Ahora mismo, carajo.
Porque no iba a dejar que este capullo me viera llorar. Ni de coña. Ni en esta vida. No se merecía mis lágrimas, solo rabia. Rabia justificada, segura, cálida y cómoda. Y nada más.
Se pasó una mano por el pelo y examinó los restos de lo que era mi vida. Porque, seamos realistas, eran restos. La porcelana rota en la acera. El equipaje hecho un desastre. El Honda Civic oxidado. Nunca pertenecí aquí. No en este barrio suburbano perfecto con mi marido suburbano perfecto. Todo era falso y esa no era yo. Nunca había sido yo.
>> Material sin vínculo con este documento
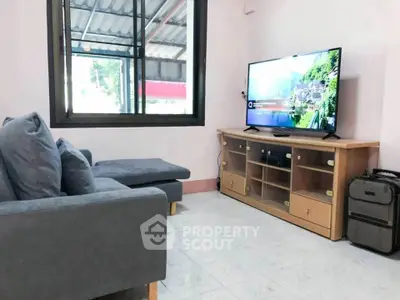 Cozy living room with modern TV setup and comfortable seating, perfect for relaxation.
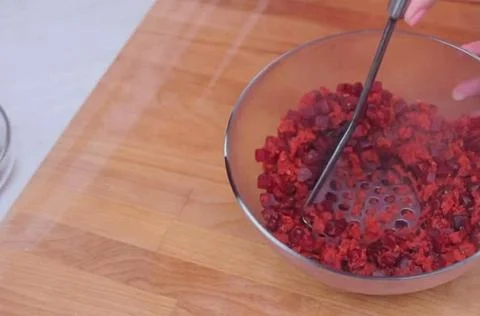 Crushed beets with crush in a container Stock Photos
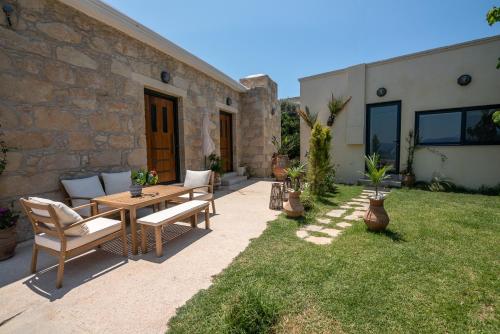 a patio with a table and chairs in a yard at Cavos Luxury Apartments in Kissamos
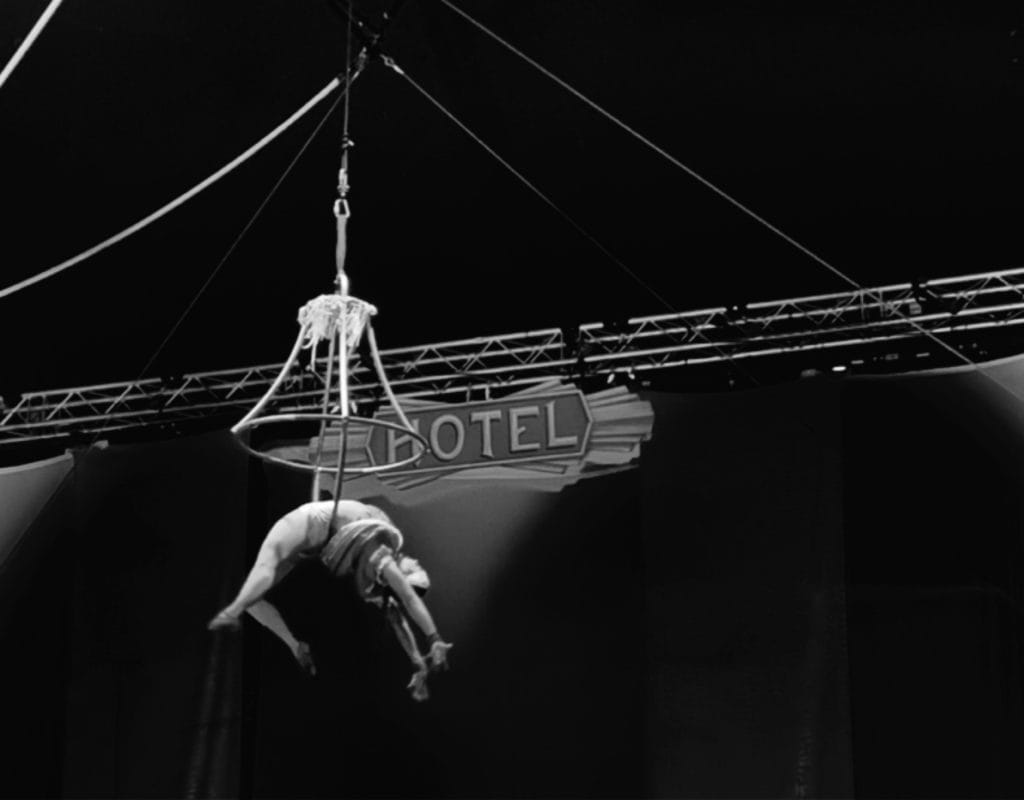 Black and white photo of a woman hanging from an aerial hoop.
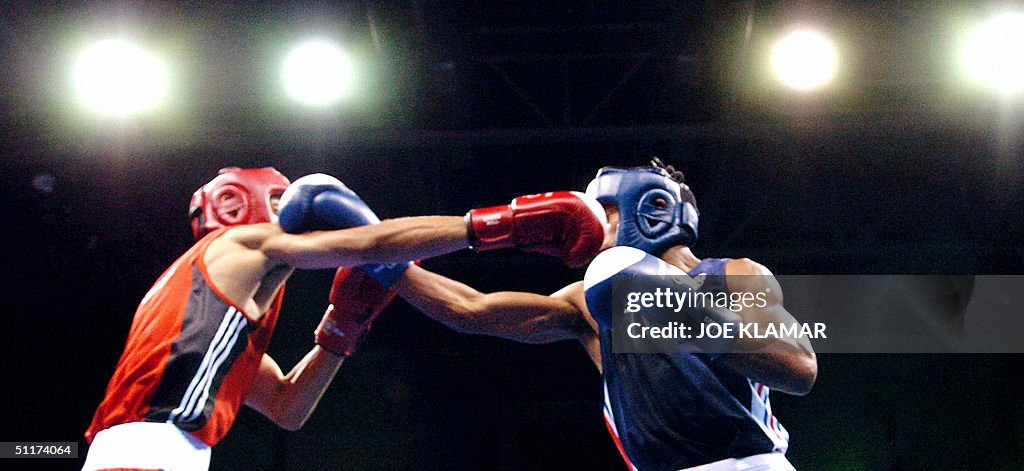Ali Sassi Mohamed Ali Sassi of Tunisia and Willi Blain of France exchange blows ...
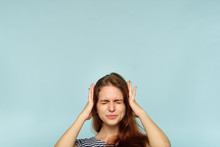 Don't Want To Hear It. Rejection Refusal And Denial. Young Woman Covering Ears With Hands. Portrait Of A Girl With Tightly Shut Eyes On Blue Background.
Yo era desordenada, caótica y siempre hacía aproximadamente 18 mil cosas a la vez, y Brian era… gay. Él era gay y yo…
Tragué saliva. Todas las razones que me dio para no querer formar una familia, no querer compartir cama, no querer besarme, abrazarme o acurrucarme a menos que estuviéramos en público… sobre el papel, todo el asunto estúpido parecía perfecto, parecía el matrimonio ideal. La pareja linda, tan trágica que no pueden tener familia.
Porque uno de ellos estaba mintiendo.
Pero no dejaría que me viera lamentarme por todo eso. Ni de coña.
«Mira, podemos solucionar esto…»
«No», dije, contenta de que mi voz sonara firme y no estrangulada. «No. Hemos terminado. Yo he terminado. Te enviaré los papeles del divorcio por correo».
«¿A dónde irás?»
Renuncié a intentar meter mi vida rota en mi oxidada tartana, cerré el maletero y me senté en el asiento del conductor. «Maine».
Di un portazo. Giré la llave. No miré atrás.